Life back in China feels like a dream. A foggy one, that I'm already starting to forget. For me, it hasn't sunk in yet that we aren't going back. It feels like just another trip home. I think taking care of Cora helps to distract me. Jacob seemed a little down yesterday, and when I asked him what was wrong he said the finality of our decision was starting to sink in. I know it will happen for me... will it take a few days? Weeks? Months? Will it hit me as I'm walking through the grocery store? Or doing dishes? I wonder what I'll do... it's not going to be easy, I know.

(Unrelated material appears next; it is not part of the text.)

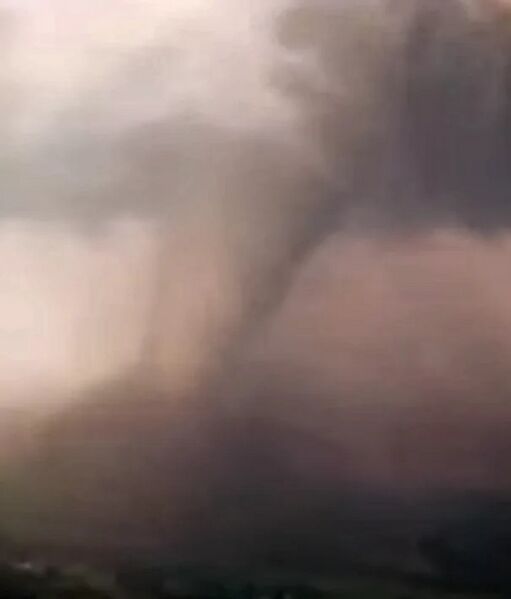 File:2011 Goldsby tornado.jpg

Little things amuse me. We were in the grocery store and were waiting in line to checkout. The cashiers were all busy, with one or two people in each line waiting. My mother-in-law commented on how busy it was - and don't get me wrong, for our small town, it was busy. But my mind immediately flashed back to the week before when I stood in line for 45 minutes behind about 10 people to check-out. Busy-ness redefined.
Or at the airport in Seattle. The train arrived and as I was waiting to get on, I felt an urge to inch forward to the doors before anyone had even exited the train. I'm used to elbows and pushing, and suddenly I realized I was the only one preparing to push my way on.
I also find that overhearing others' conversations, and being able to understand all that they say, is distracting and sometimes surprising. I'm probably going to become entirely too noisy. Oh, and commercials on TV. We never watched Chinese TV, so for the most part, I don't watch commercials. (Except when I intentionally went online to watch the Superbowl commercials - my favorite? Darth Vader/VW.) Suddenly I feel the same old pressure to make my life better, faster, and more indulgent.
So that's a taste of what coming home has been for me these last few days... but right now I want to record our last week, before it feels even more fuzzy and dream-like.
We spent lots of time with friends... meals, pictures, laughter, conversation. My favorite moment? When one of our friends told us that we'd need to bring Cora back in a few years, so she'd understand her "roots." That made me smile...
Do you see that red envelope tucked into her blanket? That's called "Hong Bao" (literally: red envelope) It is a traditional gift... you put money in it, and give it to someone on a special occasion - a birth, wedding, Chinese New Year. Cora got several Hong Bao to celebrate her arrival, and I saved them all...
thought it'd be neat for her to have someday.
We also gave Cora her first haircut. I know, a little early, right? I wouldn't have - if it weren't for the unfortunate mullet she was born with. I still might have left it alone, but then I found out about a Chinese tradition where they cut a baby's hair and make a calligraphy brush from the trimmings. I thought that seemed like a beautiful way to preserve her baby hair, so the night before we left, Cora got her first haircut.
We spent time at the foster home, too. Saying last goodbyes to the children. I promised Ethan that I'd try to see him when he comes to America with his family... if I can figure out where he lives. I love this picture we took with Vincent. He loved holding Cora, but sometimes he'd get distracted by something else, and she'd topple off his lap onto the couch. It made me laugh, but it worried the nannies! Doesn't he look as proud as punch to be holding a baby? Robert had to check my belly one last time to make sure there was no baby still inside... I can't wait for all those little guys to join their families... I'm thrilled that they are all matched.
The trip home was tiring and long, but at the end waited our families. Cora meets my parents tonight, but she already got to meet Jacob's parents (that's his mom down below). We know it is good to be home with our families right now... good for all of us.